## Work item
Reproduce the complete set of records exactly. No picture is to appear in the copy.
━━━━━━━━━━
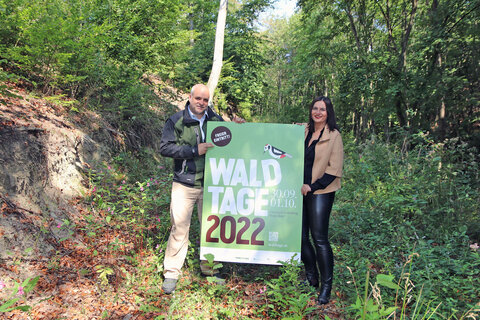 Bei den Waldtagen 2022 am 30. September und 1. Oktober kann man bei freiem Eintritt Forstwirtschaft, insbesondere Holzernte, „live“ erleben und von Fachexperten Wis-senswertes über Forstpflanzen und Waldschutzprojekte erfahren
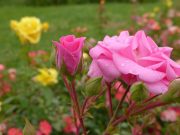 باغ گیاه شناسی مسکو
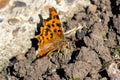 Comma resting on the ground in the summer sunshine Royalty Free Stock Photo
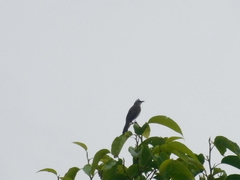 Pycnonotus goiavier analis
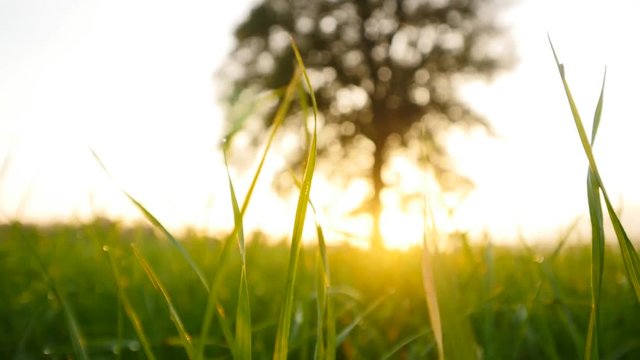 tree of life. green grass field background. sunset light. vivid colors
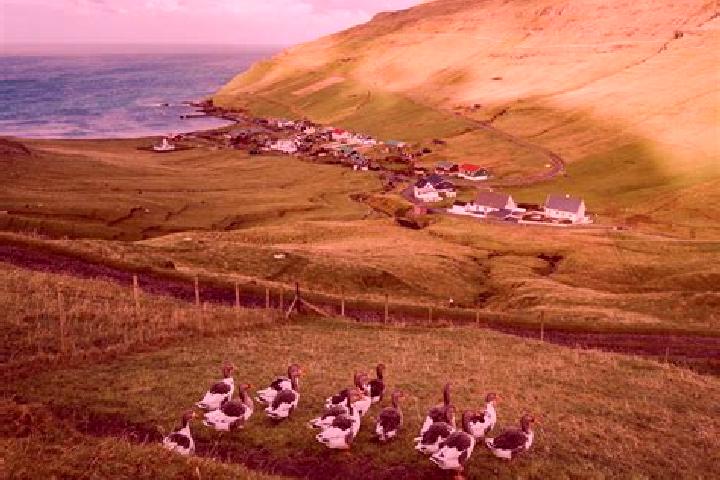 Escorts Argir, Faroe Islands — Local Companions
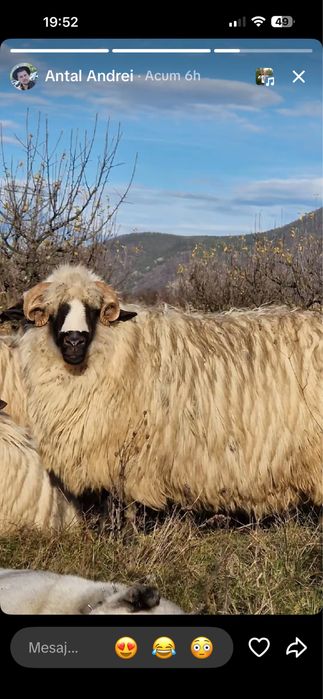 Berbecuti nosteni de vanzare Breaza de Hateg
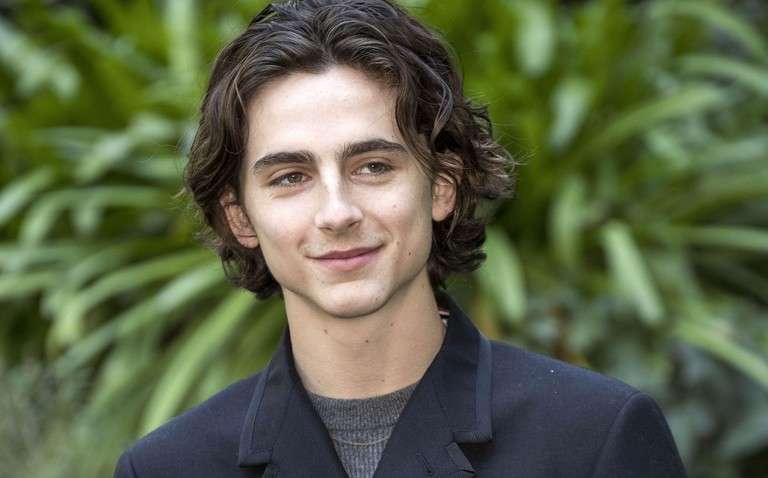 Тимоти Шаламе сыграет Боба Дилана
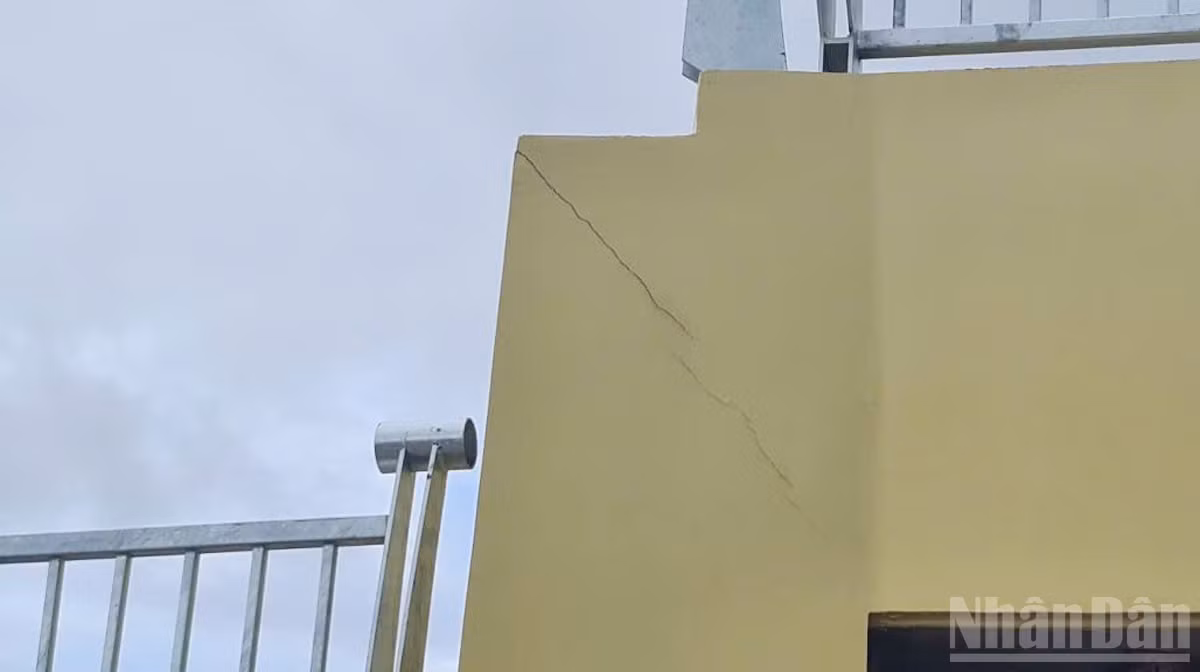 ndo_br_129.jpg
━━━━━━━━━━
## Answer area
 Bei den Waldtagen 2022 am 30. September und 1. Oktober kann man bei freiem Eintritt Forstwirtschaft, insbesondere Holzernte, „live“ erleben und von Fachexperten Wis-senswertes über Forstpflanzen und Waldschutzprojekte erfahren
 باغ گیاه شناسی مسکو
 Comma resting on the ground in the summer sunshine Royalty Free Stock Photo
 Pycnonotus goiavier analis
 tree of life. green grass field background. sunset light. vivid colors
 Escorts Argir, Faroe Islands — Local Companions
 Berbecuti nosteni de vanzare Breaza de Hateg
 Тимоти Шаламе сыграет Боба Дилана
 ndo_br_129.jpg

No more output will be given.